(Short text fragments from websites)
┌────────
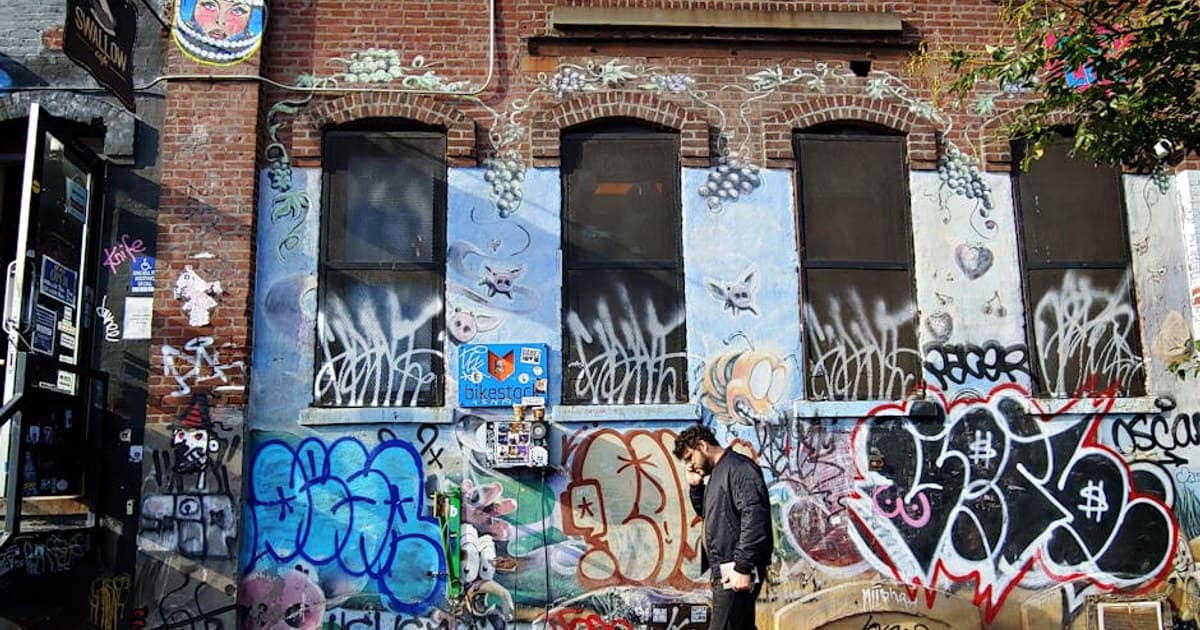Vibrant graffiti alley in Brooklyn with a person walking by, capturing urban street art culture.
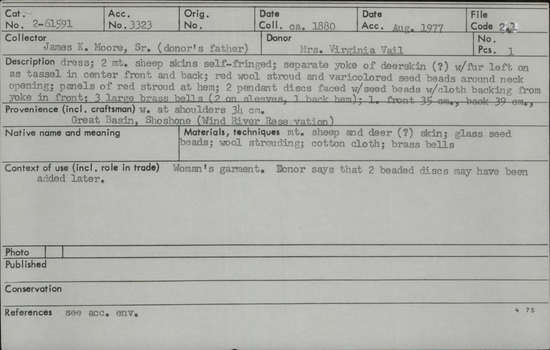 Documentation associated with Hearst Museum object titled Dress, accession number 2-61591, described as Two mountain sheep skins self-fringed; separate yoke of deerskin (?) with fur left on as tassel in center front and back; red wool stroud and varicolored glass seed beads around neck opening; panels of red stroud at hem; two pendant discs faced with seed beads with cotton cloth backing from yoke in front; 3 large brass bells (2 on sleeves, 1 back hem).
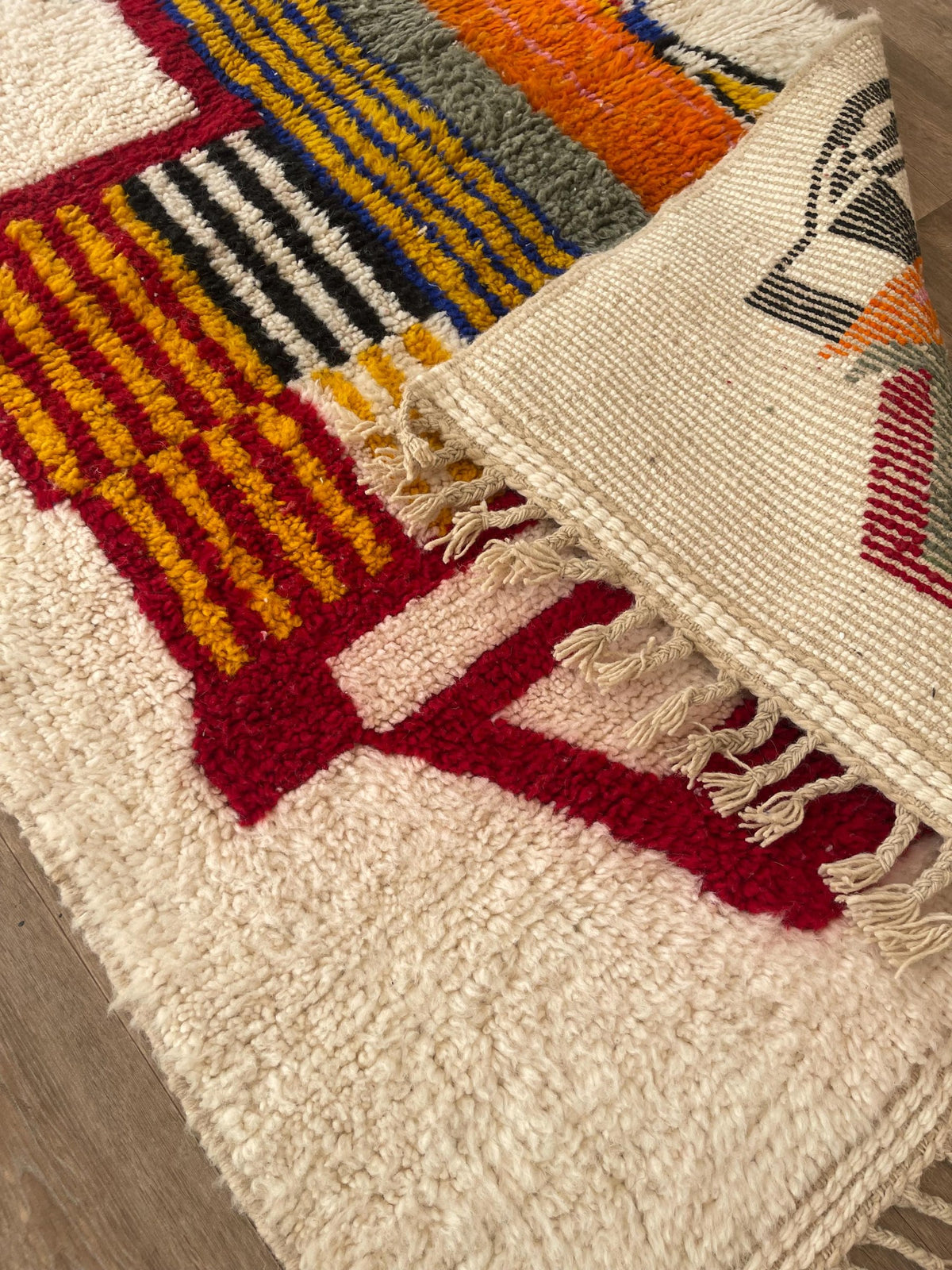 Close-up of the turned-up corner of the Tamgrout Berber rug, medium pile depth and hand-woven back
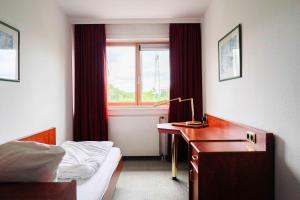 Ein Bett oder Betten in einem Zimmer der Unterkunft Bettenburg Hotel & Hostel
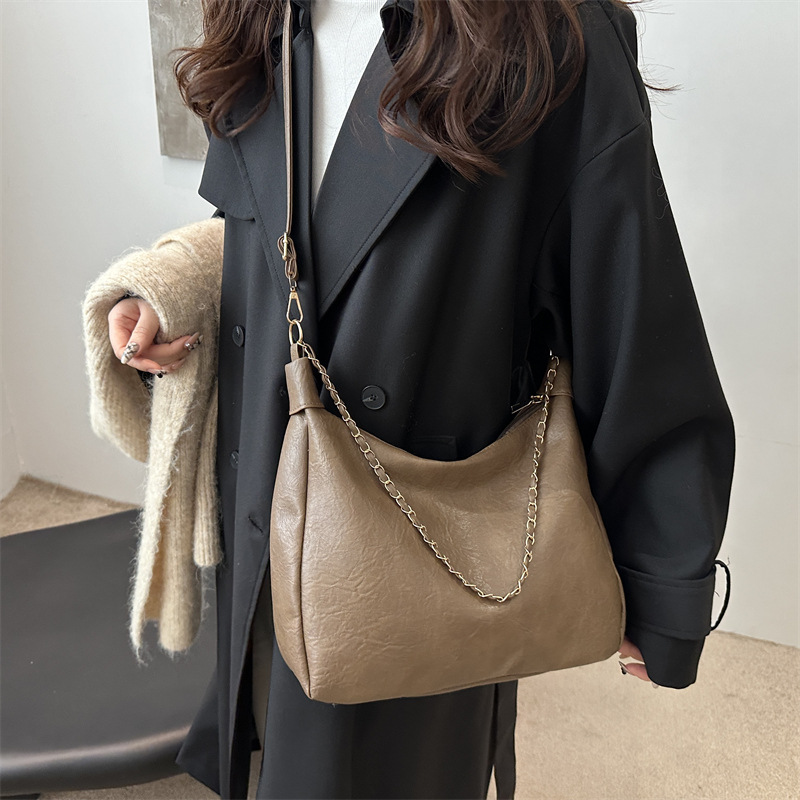 2024 bolso de estudiantes coreano para mujeres de gran capacidad nicho versátil bolso de hombro de alto nivel bolso de cubo de cadena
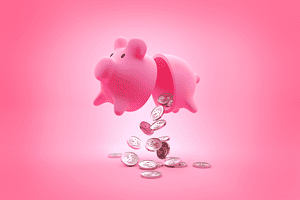 piggy bank with coins falling out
└────────
EXERCISE PROMPT: Pictures are to be left out when the lines from the one containing "2024 bolso de" through the end of the records above are repeated exactly; no other line is wanted.

EXERCISE RESULT:
 2024 bolso de estudiantes coreano para mujeres de gran capacidad nicho versátil bolso de hombro de alto nivel bolso de cubo de cadena
 piggy bank with coins falling out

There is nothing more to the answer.